START Input for this task
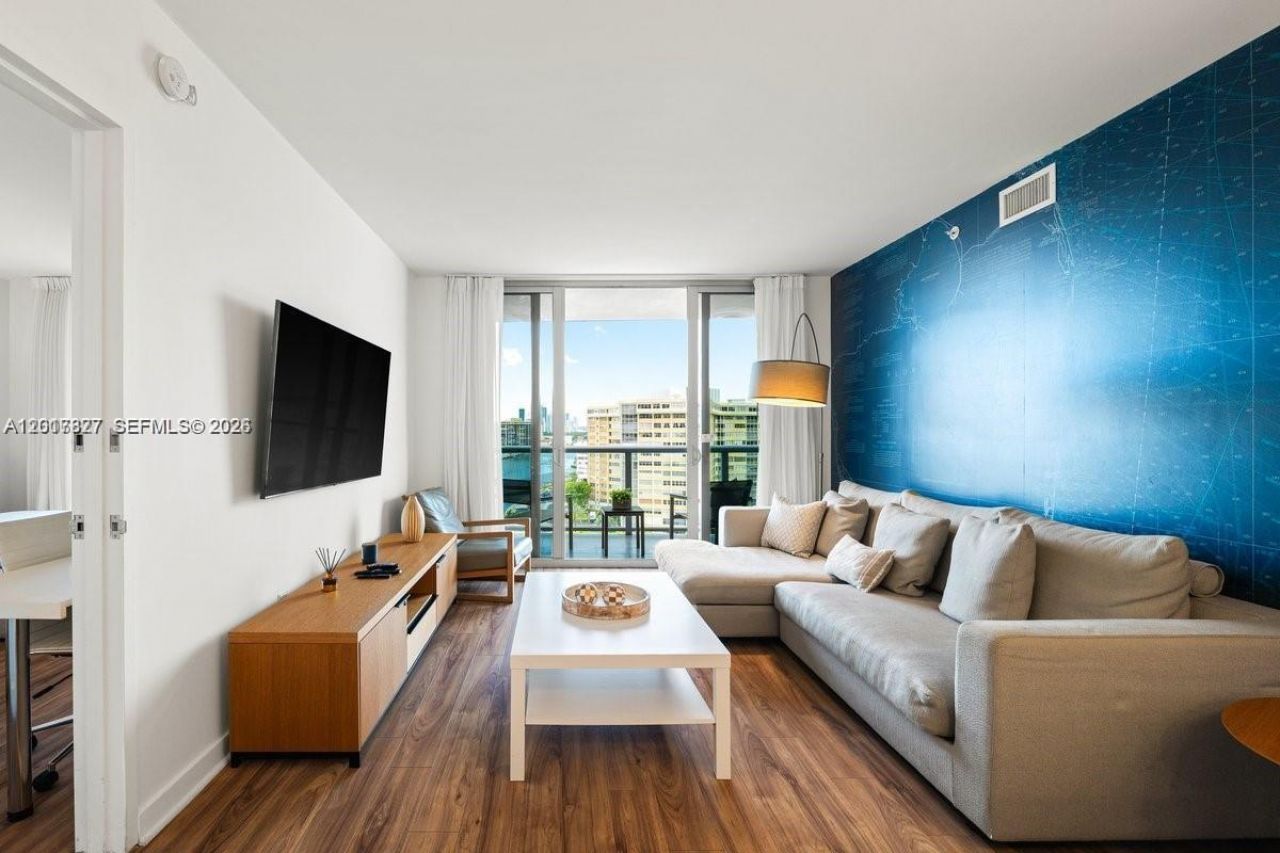 2602 E Hallandale Beach Blvd , Unit R1109, Hallandale Beach, FL 33009 Photo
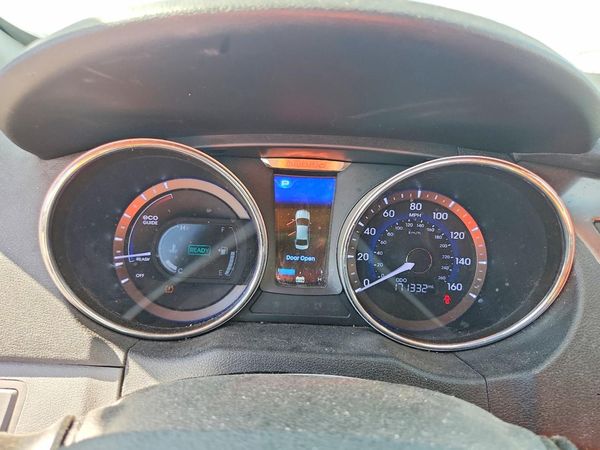 2012 HYUNDAI SONATA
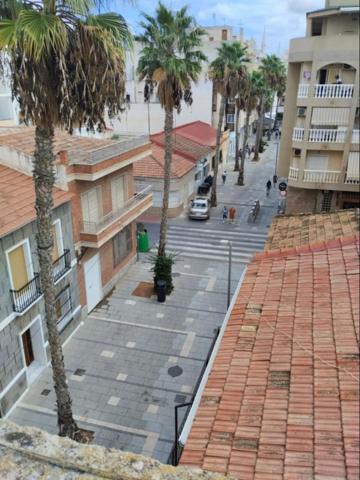 Piso en venta en Torrevieja, Torrevieja photo 0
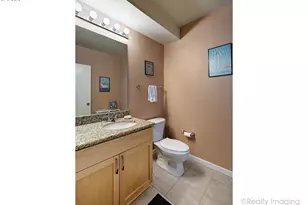 1620 NE Broadway St, Portland, OR 97232 - Photo 23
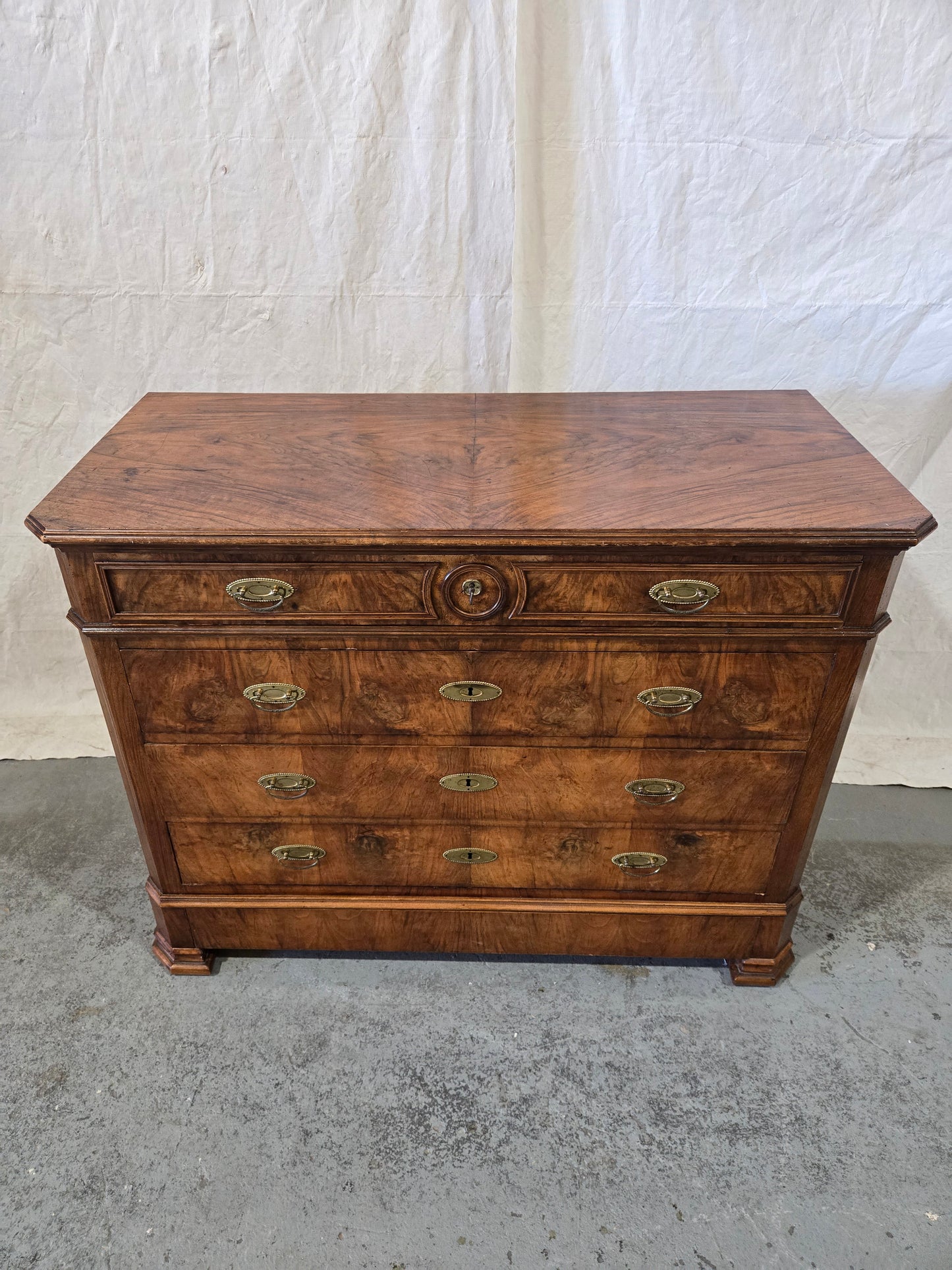 Mid 1800s Louis Phillippe burled walnut commode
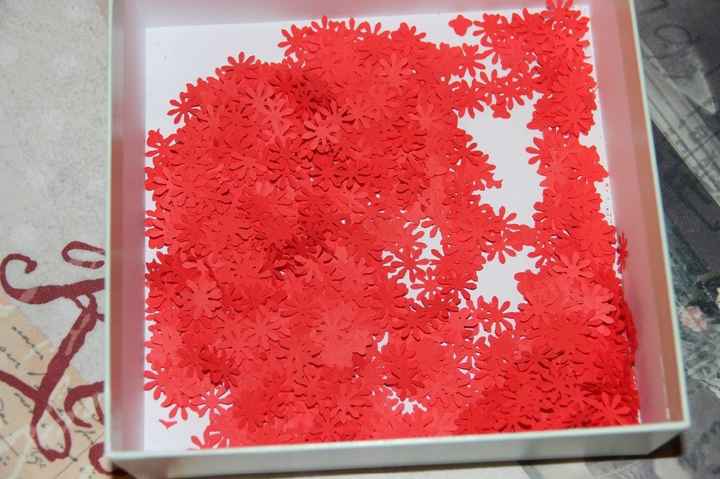 Confettis fleurs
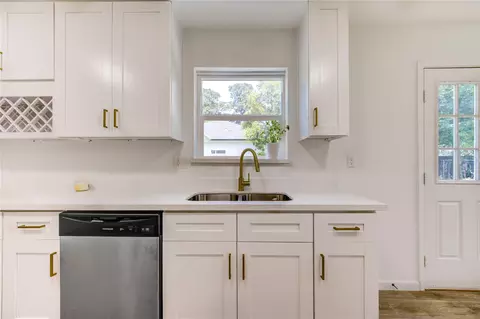 Kitchen - 5411 Logston Ln, Spring, TX 77389 photo 3 of 7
END Input for this task
Required work
Exactly the lines from the line with "1620 NE Broadway" through the last line of the listing, both included, should be extracted, and the pictures left behind.

Result
 1620 NE Broadway St, Portland, OR 97232 - Photo 23
 Mid 1800s Louis Phillippe burled walnut commode
 Confettis fleurs
 Kitchen - 5411 Logston Ln, Spring, TX 77389 photo 3 of 7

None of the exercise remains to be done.